PETALING JAYA: Analysts are generally keeping a positive mood that is tinted with caution towards Genting Plantations Bhd, weighing between the group possibly having a strong final quarter of the year (4Q24), to factors such as a challenging downstream business environment.
Maybank Investment Bank (Maybank IB) Research said the plantation group’s core profit after tax and minority interest (Patmi) had missed the research house’s and consensus estimates due to a delay in Indonesia’s crop recovery, impairments, and a net inventory build-up.
Despite those factors, it believes Genting Plantations is poised to deliver its strongest quarterly earnings in 4Q24 as crops are set to peak amidst present high average selling price for crude palm oil (CPO).
“Genting Plantations expects its group fresh fruit bunch (FFB) output to peak in 4Q24 as Indonesia’s crop is picking up.

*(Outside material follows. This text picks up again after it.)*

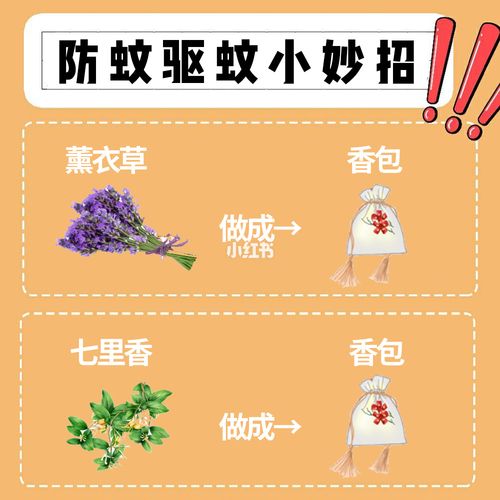 怎么驱蚊（怎么驱蚊子最有效的方法）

“Still, the group now anticipates FFB output for the whole of 2024 to be flattish-to-marginally lower year-on-year (y-o-y) following low output for the nine months ended September (9M24),” reported Maybank IB Research.
While cutting its FFB output assumptions, the research house is upgrading its 2024, 2025 and 2026 Patmi forecasts for the group by 5%, 3% and 3% respectively, following an upward revision to average selling price (ASP) for CPO.
Following the earnings upgrades, Maybank IB Research is keeping its “buy” call on Genting Plantations, with a higher target price of RM6.96 to FY25.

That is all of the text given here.